Regional Kansas Airport Chooses Boon Edam to Meet Customer Satisfaction and Throughput Demands
Lillington, North Carolina, 30 August, 2017 – Boon Edam Inc., a global leader in security entrances and architectural revolving doors, today announced that Manhattan Regional Airport in Kansas relies on Boon Edam Tourlock 120S one-way security revolving doors to keep its passenger hold room fully secure. The doors were chosen to meet the throughput and overall customer satisfaction needs of the airport’s fast-growing passenger traffic.
Manhattan Regional Airport (MHK), located in the picturesque and growing Flint Hills region of Kansas, cut the ribbon on its new terminal earlier in 2017. More than triple the size of the old facility, the new 42,000-square-foot building emerged from the footprint of the existing terminal in an unusual manner. The airport essentially cut its existing terminal in half, and then demolished, rebuilt and, expanded each half during separate phases—while maintaining operations the entire time.
The growth in aircraft arrivals, departures and overall passenger traffic demanded that the airport plan for significantly expanding the terminal building. In 2009, MHK had approximately 25,000 total enplanements, and in 2015, the airport exceeded 66,000. “Our original design from the architects Mead & Hunt called for mantrap portal entrances from the secure hold room, or deplaning area, into the unsecured “meet and greet” public area for baggage claim. The only problem was that the door design we wanted was no longer available,” explained Jesse R. Romo, MHK Airport Director.
While initially a disappointment, the inability to install the specified entrances did create an opportunity for Romo and his team, and in the summer of 2015 they began looking for alternatives to the mantrap portals. “We talked to other airports, including an airport in central Wisconsin to get good intelligence on what entrances were working well and which could fit our needs,” said Romo.
“Throughput was a chief concern and when looking at alternative mantrap portals, throughput was rather low,” continued Romo. “If we’re looking at 100 or more people trying to get out of the de-planning area, large revolvers gave us much better throughput, and this became the deciding factor. Both types of entrance had their pros and cons, but when we broke it down in terms of customer service and satisfaction, we decided on the Boon Edam revolving doors.”

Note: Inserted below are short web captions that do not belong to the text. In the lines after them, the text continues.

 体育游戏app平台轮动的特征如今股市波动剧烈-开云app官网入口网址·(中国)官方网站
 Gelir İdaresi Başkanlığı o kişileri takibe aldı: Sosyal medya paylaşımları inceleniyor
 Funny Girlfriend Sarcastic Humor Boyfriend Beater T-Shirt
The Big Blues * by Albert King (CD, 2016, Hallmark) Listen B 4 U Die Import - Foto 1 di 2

“For the new terminal, every decision we made we looked to the future, not just the now. Our market continues to grow, so we had to choose technology that can handle that future growth and change.” MHK airport chose two Boon Edam revolving doors to handle peak throughput demand but also to provide redundancy in the event one door needs maintenance.
The Tourlock 120S one-way security revolving door is activated by a presence detection sensor on the canopy of the door facing into the hold room. When people approach the door, it begins rotating automatically, allowing passengers to get to the other side quickly —no waiting or stopping. Each door prevents people from coming back into the hold room by virtue of a weight mat and overhead sensors located in the side of the door that people would normally attempt to enter from the non-secure, “meet and greet” room due to the direction of rotation. Should a person attempt to enter the secure hold room area, the weight mat and the overhead sensor detect their presence and stop the door.

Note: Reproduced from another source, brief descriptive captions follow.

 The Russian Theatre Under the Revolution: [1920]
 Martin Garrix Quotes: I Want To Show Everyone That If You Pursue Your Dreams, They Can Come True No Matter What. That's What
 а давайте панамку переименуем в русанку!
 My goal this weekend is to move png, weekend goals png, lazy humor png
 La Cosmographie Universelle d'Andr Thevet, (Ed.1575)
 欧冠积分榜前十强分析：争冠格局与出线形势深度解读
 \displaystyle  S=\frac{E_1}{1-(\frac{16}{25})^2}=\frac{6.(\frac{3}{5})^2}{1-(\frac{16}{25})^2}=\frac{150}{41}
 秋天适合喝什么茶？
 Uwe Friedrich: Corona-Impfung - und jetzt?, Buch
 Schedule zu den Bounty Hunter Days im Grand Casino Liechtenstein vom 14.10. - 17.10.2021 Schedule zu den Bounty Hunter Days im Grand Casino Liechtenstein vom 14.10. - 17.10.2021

A major impetus for a brand-new terminal was the increase in the size of the jets landing at MHK. Anything larger than a 60-seat capacity and the Transportation Security Agency (TSA) requires a “complete” security program in terms of access control, video surveillance, and other systems. Manhattan Regional Airport serves a market of over 200,000 people and includes Kansas State University, Ft. Riley, and the recently-awarded National Bio and Agro-Defense Facility (NBAF).
The airport has daily flights to Dallas and Chicago and a number of charter flights as well. Two gates and two jet bridges can service two planes at the same time. “Once the doors were installed, they looked really nice, even futuristic, and they are very consistent with our regional look, befitting the rolling flint hills of the area. Not only do the revolving doors fit our plan for the future, they blend in nicely with our attractive design,” concluded Romo.